# Lighting with Sigma 180 macro



## ltlredwagon (Aug 3, 2010)

I have a Canon 20D, Sigma 180 Macro and Sigma 1.4x teleconverter.   Looking for best flash setup for photographing butterflies.  Appreciate any advice/recommendations.


----------



## Derrel (Aug 3, 2010)

A few summers ago, I used my Sigma 180 macro with a small, roughly 5x7 inch air-filled softbox as my diffuser, to photograph swallowtail butterflies. The softbox I used was made by Photoflex, but there are very similar ones made by LumiQuest, as well as other manufacturers. You can use this small softbox with a flash located on the hotshoe, or with the flash connected to the camera with a TTL remote control cord, and the flash held off to the side and above in either your left hand, or by an assistant, or on a flash bracket setup.

At close distances, the flash is very powerful,and one trick you might learn is that dialing the flash down in power gives ultra-quick recycling,and also shorter flash durations which will stop motion pretty well. Another thing to note: you can use the magnification scale on the Sigma 180mm lens as a rough guide to the exposure in f/stop that is needed at the different magnification ratios on the focusing scale.

THink somewhwrre in the  1/4 power to 1/8 power manual flash levels for butterfly close-uops at very close distances, at f/13 or so. The Siggy is pretty good at f/13,and that will help you to get a good background expousure during the daytime during the summer months. Set the camera shutter speeded to its fastest flash synchronization speed, often 1/200,and that will handle most of the daylight in the background.


----------



## NateS (Aug 3, 2010)

I'm with Derrell on this one.  I shoot a 180mm macro exclusively and I have a roughly 3.5 x 5 inch softbox I use...now I manage to make it work but I have it setup and swiveled forward past the lens by a good 3-4 inches which is a bit of a pain.  A 5x7 softbox would give much nicer light and allow more flexibility with placement.  5x7 is actually on my shortlist.


----------



## ltlredwagon (Aug 5, 2010)

Thanks very much Derrel & Nate.  I'll follow up on this. Bob


----------



## Overread (Aug 5, 2010)

1+ to what Derral and Nates said as that is my setup as well (though I use a 150mm instead of 180mm but its pretty much the same with regard to macro). I tend to find that auto flash tends to be pretty good for most macro work, though do expect to use some flashexposure compensation from time to time. I also make use of the FEC button (the * button) to fix the flash exposure based on a bright/reflective point on the subject to try and preserve highlights.
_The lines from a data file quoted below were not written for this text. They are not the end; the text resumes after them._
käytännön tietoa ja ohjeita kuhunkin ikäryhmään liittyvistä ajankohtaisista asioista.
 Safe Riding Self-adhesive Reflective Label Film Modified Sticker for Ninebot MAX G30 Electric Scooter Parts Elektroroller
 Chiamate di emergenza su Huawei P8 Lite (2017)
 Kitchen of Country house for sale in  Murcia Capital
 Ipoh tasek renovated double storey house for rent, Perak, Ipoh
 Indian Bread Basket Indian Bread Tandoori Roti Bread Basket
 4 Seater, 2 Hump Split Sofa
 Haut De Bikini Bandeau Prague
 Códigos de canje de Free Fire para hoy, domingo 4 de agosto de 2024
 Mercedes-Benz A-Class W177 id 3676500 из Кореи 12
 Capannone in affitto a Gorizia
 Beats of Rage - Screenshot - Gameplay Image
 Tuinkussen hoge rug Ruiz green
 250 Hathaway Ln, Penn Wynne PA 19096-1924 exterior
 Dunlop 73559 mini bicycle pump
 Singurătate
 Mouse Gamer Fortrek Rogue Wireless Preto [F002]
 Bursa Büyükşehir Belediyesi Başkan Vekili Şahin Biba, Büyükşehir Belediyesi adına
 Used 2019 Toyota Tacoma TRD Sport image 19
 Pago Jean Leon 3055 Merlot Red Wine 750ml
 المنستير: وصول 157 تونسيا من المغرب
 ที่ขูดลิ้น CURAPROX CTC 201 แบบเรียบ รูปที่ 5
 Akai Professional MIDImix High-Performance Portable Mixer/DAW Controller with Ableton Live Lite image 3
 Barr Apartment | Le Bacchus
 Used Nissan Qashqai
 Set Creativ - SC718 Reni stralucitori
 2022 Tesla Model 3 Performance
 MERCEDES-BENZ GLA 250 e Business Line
Manual flash will work well and for macro (where the flash is the main light source) exposures can be fairly constant - however do keep an eye on the surroundings - moving from shade to open sunlit subjects will affect things.

Also a point on ISO - if you keep your ISO low (100/200) most of the light will be from the flash when you use small apertures (eg f13) however if you raise the ISO up to say 400 or 800 even though you are still using flash for the majority of the light you are allowing more natural light to factor into the shot. This can be used creatively if you so choose whilst also letting you remain shooting handheld - of course you sacrifice some quality as you shoot with higher and higher ISOs. Ideally the best way to let natural light into the shot is to use a tripod/support and shoot with a slower shutter speed and less/no flash component.


----------